Survey Statistics: improving with structure

Statistical Modeling, Causal Inference, and Social Science 2026-04-07

We’ve met Mr. P (Multilevel Regression and Poststratification). We’ve met Mrs. P (Multilevel Regression with Synthetic Poststratification). Now let’s meet Ms. P (Multilevel Structured regression with Poststratification) from Gao et al. 2021.

Let’s first review Poststratification:

  • We want the population mean E(Y)
  • We have Y,X in sample, X in population.
  • So we calibrate our estimates of E(Y) to population distribution of X.

Gao et al. 2021‘s example:

  • Y = support for gay marriage
  • X = sex, race, income, state, age, education
  • sample data on Y, X from National Annenberg Election Survey 2008
  • population data on X from the American Community Survey (ACS)

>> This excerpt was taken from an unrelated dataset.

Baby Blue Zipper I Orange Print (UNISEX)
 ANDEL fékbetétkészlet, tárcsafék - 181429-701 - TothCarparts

By the law of total expectation: E(Y) = E(E(Y|X)). When our estimate of E(Y|X) is the sample mean of Y for folks with that X, the aggregate estimate is classical Poststratification (no honorific). When our estimate of E(Y|X) is based on a model that regularizes across X, the aggregate estimate is Mr. P.

How to regularize across X ? Suppose age is one of the X variables. Gao et al. 2021 consider 3 priors for the coefficients a_j of age groups j = 1,…,J:

  1. Independent Normal: a_j ~ N(0, sigma)
  2. Autoregressive: a_j | a_{j-1} ~ N(rho a_{j-1}, sigma) with rho in (-1,1)
  3. Random Walk: a_j | a_{j-1} ~ N(a_{j-1}, sigma)

The first is often used in Mr. P. The next two belong to Ms. P, as they use the ordinal structure of age, where age group j is closer to age group j + 1 than age group j + 5. Using this structure can help Ms. P regularize more, with smaller sigma and more borrowing information across ages.

Gao et al. 2021 simulate data from E(Y|X) = logit^-1(… f(X_age[j])…) where the function f(X_age[j]) is how support varies by age. They consider 3 smooth functions f(x). For data simulated from each, they fit models with the 3 priors above. Ms. P out-performs Mr. P, with the Random Walk structure doing best:

This footnote in the Stan documentation might explain why Random Walk outperforms Autoregressive:

In practice, it can be useful to remove the constraint to test whether a non-stationary set of coefficients provides a better fit to the data. It can also be useful to add a trend term to the model, because an unfitted trend will manifest as non-stationarity.

Gao et al. 2021 also consider spatial priors, where neighboring PUMAs are more correlated. They simulate data both with spatial smoothness and from independent Normals, to confirm that the prior “does not force spatial structure when it’s not present”. Did they skip this for the age model ?

Along with the simulation studies, Gao et al. 2021 also apply Ms. P to the National Annenberg Election Survey 2008 and ACS example above.